By Anastasia Tomazhenkova: At least seven teenagers in Wales, have apparently committed suicide in the past year in suspected copycat acts. Reporters have focussed on the possibility the teens may have used the Internet to research and discuss suicide.
Police had yet to find any evidence of a a suicide pact in the deaths of the young people in a small Welsh town Bridgend, but confirmed they were looking for connections.
The British government claimed an official review of child safety on the Internet will look at the dangers of Web sites that encourage suicide.
South Wales Police reported they were reviewing the circumstances surrounding a number of sudden deaths, but declined to say how many.
"We are not reinvestigating the deaths but we are looking at any possible links between them," police said in a statement.
"To date there is no evidence of a suicide pact and that theory did not come from the police," the statement said. "At this stage we have not established any link that is common to all."
Police officers are examining the computer of a 17-year-old girl found hanged in her bedroom last week.
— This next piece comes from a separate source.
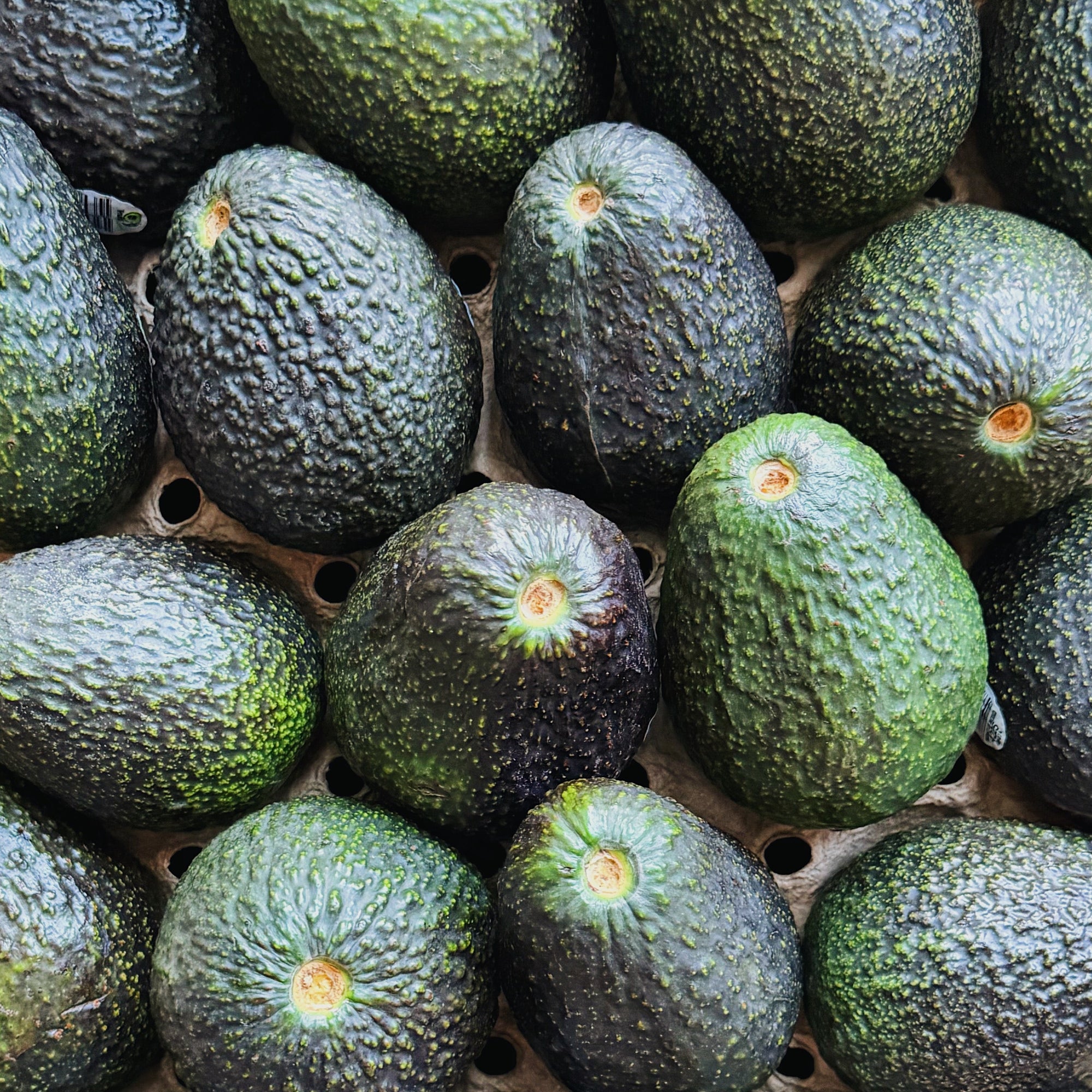 Single Large Hass Avocado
The death of Natasha Randall brought to seven the number of apparent suicides within a 10-mile (16-kilometer) radius of Bridgend, a town of 40,000, in the past year.
In the past year, six men between the ages of 17 and 27 have been found dead in apparent suicides.
The Department for Children, Schools and Families said a review on child safety on the Internet by psychologist Tanya Byron, which is due to be published in March, would address the issue.
Britain's suicide rate has been declining since the late 1990s, according to government statistics, but it varies widely across the country.
In Wales in 2002-2004 - the most recent data available - there were 22.4 suicides per 100,000 men, compared with 16.7 per 100,000 in England.
The suicide rate in south Wales has been increasing over the past three years, Bridgend coroner Philip Walters said. The region is home to several economically deprived former coal mining towns, including some in the Bridgend area.
The first known Internet-related suicide pact occurred in Japan in October 2000, it was a later February 2003 incident, involving a young man and two young women, that "became a landmark incident of Internet suicide pacts in Japan due to heavy media coverage".